Enfin, direc­tion la Cigale pour un mar­di 100% cal­i­fornien dédié au label Cas­tle Face Records. A 19h, devant une salle qua­si­ment vide — com­préhen­si­ble, vu l’heure -, le groupe Pret­ti­est Eyes est en charge d’ou­vrir la soirée avec son pre­mier con­cert à Paris. Déroutant est le pre­mier mot qui vient à l’e­sprit devant cette con­fig­u­ra­tion scénique. Voir un bat­teur occu­per égale­ment le rôle de chanteur est loin d’être com­mun. On regret­tera toute­fois sa propen­sion à en faire trop, jusqu’à faire exprès de tomber plusieurs fois, effaçant un peu le plaisir de ce mélange de punk, noise et rock. N’est pas Ariel Pink qui veut. Con­stat un peu moins pronon­cé chez Male Gaze : même si le chanteur passe son temps à se peign­er entre deux morceaux, il le dit lui-même : il est con­scient de n’être que l’ “appe­tiz­er” de la suite. Le groupe se con­tente d’of­frir un rock clas­sique, se révélant vite ennuyant. Les réac­tions de la fos­se con­fir­ment ce que nous pen­sions : nous sommes face à un con­cert de Thee Oh Sees — Oh Sees, OCS… on ne sait plus com­ment les appel­er — et ses pre­mières parties.

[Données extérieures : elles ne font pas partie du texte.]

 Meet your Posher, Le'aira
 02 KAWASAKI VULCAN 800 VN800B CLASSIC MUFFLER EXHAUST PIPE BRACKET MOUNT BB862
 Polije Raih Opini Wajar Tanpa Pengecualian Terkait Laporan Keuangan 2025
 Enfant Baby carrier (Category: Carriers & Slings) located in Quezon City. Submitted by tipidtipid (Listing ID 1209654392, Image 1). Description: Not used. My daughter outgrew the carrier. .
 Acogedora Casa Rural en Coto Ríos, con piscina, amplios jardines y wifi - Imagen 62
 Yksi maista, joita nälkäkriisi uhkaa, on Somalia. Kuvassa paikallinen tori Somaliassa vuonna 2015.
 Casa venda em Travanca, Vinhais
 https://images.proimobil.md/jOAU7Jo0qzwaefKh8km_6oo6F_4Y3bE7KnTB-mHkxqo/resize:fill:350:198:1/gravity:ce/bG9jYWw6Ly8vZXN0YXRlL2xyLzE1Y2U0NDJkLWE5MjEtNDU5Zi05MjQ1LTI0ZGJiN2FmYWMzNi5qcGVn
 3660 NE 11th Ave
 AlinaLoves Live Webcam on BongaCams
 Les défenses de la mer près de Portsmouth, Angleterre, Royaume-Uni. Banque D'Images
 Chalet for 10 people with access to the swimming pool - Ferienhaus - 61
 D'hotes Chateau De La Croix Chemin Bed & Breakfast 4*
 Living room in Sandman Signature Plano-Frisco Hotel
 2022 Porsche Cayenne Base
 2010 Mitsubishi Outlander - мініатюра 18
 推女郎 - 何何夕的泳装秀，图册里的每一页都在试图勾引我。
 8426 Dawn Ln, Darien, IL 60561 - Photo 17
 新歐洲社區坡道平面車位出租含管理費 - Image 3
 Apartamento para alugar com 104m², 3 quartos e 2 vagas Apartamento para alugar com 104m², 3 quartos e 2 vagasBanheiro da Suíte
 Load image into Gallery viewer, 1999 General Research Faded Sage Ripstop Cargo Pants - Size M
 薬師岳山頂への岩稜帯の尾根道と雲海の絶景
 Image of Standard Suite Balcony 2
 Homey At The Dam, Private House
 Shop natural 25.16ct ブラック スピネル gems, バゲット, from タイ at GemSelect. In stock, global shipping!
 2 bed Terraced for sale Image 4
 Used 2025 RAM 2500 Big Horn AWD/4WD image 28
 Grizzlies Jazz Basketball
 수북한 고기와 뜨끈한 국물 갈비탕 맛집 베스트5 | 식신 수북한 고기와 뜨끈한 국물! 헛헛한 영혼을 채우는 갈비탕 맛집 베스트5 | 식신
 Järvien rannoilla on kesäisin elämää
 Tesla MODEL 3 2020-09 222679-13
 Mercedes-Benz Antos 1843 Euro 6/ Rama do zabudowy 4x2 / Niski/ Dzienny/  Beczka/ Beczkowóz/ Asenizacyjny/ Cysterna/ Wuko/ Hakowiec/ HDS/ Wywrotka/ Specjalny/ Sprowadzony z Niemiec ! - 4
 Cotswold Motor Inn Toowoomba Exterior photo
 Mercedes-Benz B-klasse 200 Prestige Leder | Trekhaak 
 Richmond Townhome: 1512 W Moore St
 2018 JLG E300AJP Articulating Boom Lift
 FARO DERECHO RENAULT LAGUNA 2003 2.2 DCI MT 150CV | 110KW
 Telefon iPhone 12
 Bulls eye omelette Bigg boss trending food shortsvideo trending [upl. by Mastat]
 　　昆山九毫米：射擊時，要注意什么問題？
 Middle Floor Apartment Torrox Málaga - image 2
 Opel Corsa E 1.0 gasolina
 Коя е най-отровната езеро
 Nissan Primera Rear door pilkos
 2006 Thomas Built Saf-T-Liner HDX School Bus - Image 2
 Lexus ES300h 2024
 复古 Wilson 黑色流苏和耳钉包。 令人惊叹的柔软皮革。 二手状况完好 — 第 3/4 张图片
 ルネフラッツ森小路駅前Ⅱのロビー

Thee Oh Sees à la Cigale. Crédit pho­to : Emi­lie Mauger

Mais l’at­tente en valait la peine. Avec ses qua­tre mem­bres en pre­mière ligne sur la scène, le show est à la hau­teur des attentes. Après une intro­duc­tion d’une dizaine de min­utes, les lumières s’éteignent enfin et la frénésie démarre dans la fos­se. Les riffs de gui­tare de John Dwyer con­ver­gent avec la puis­sance des deux bat­ter­ies pour un résul­tat enflam­mé et inflam­ma­ble. Pen­dant 80 min­utes, les pogos ne s’ar­rêteront pas et les slam­mers — autant féminins que mas­culins — défileront en abon­dance. La magie de l’in­stant peut se lire sur tous les vis­ages de la Cigale, illu­minés d’un grand et hon­nête sourire. Cer­tains l’ont peut-être oublié, mais pas le Paris Psych Fest : le rock rend heureux.

Meilleur moment : le “crowd­surf” du pied de micro d’Ariel Pink pen­dant cinq bonnes min­utes, bran­di comme la Coupe du Monde.

Pire moment : la fin abrupte du con­cert d’Ariel Pink, à 1h30 pile.